## PROBLEM DETAILS
Only the lines below starting at the one that contains "Buddha Stonesストロベリークォーツ ひょうたん" and ending at the one that contains "Cort L60CE Premium" are to be reproduced, exactly and with both ends kept.

## INFORMATION GIVEN

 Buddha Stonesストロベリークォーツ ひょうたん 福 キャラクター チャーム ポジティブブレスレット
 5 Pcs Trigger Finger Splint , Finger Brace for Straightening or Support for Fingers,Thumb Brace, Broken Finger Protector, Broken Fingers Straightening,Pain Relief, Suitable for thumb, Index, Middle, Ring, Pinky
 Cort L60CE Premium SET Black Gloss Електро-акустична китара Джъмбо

==

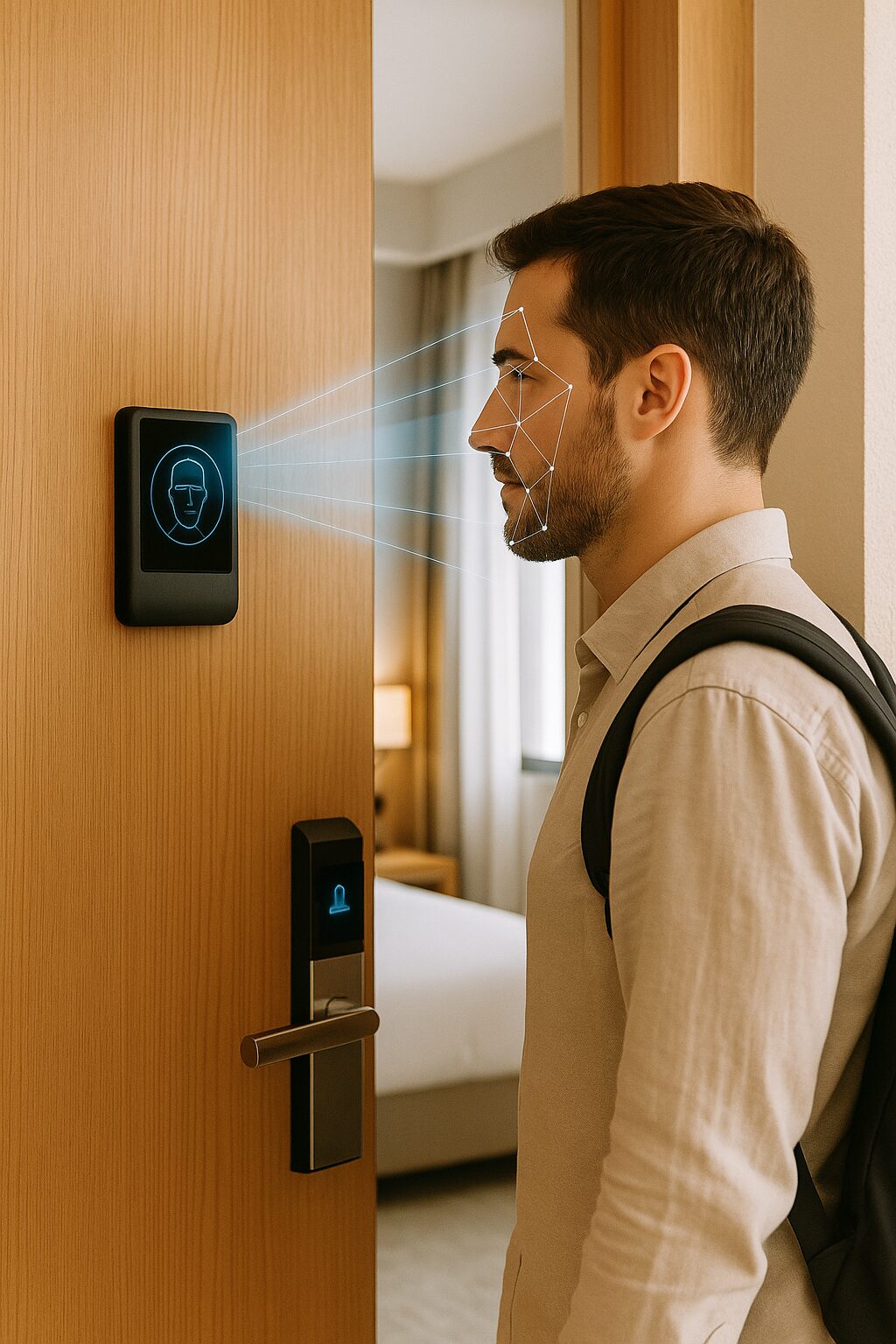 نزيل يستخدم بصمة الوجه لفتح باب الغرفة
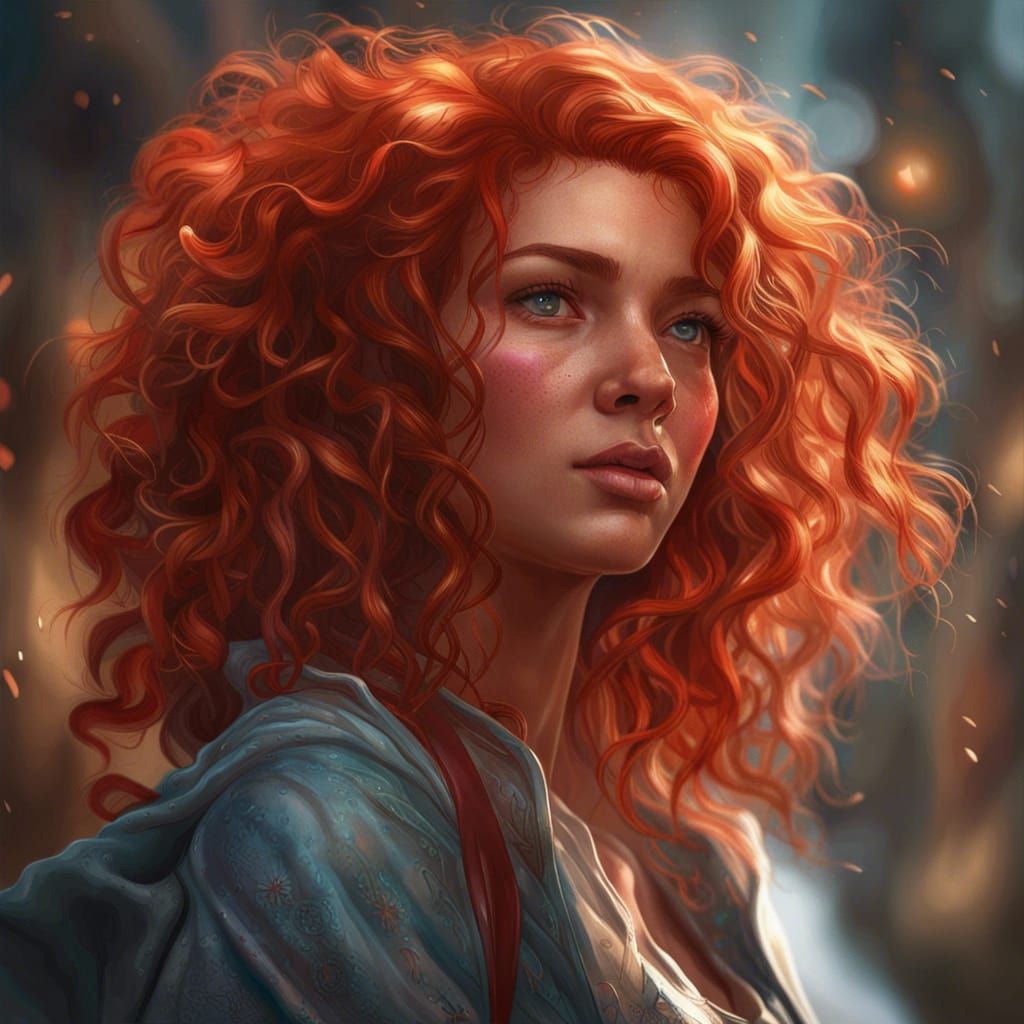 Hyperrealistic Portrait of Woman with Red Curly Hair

## WRITTEN ANSWER
 Buddha Stonesストロベリークォーツ ひょうたん 福 キャラクター チャーム ポジティブブレスレット
 5 Pcs Trigger Finger Splint , Finger Brace for Straightening or Support for Fingers,Thumb Brace, Broken Finger Protector, Broken Fingers Straightening,Pain Relief, Suitable for thumb, Index, Middle, Ring, Pinky
 Cort L60CE Premium SET Black Gloss Електро-акустична китара Джъмбо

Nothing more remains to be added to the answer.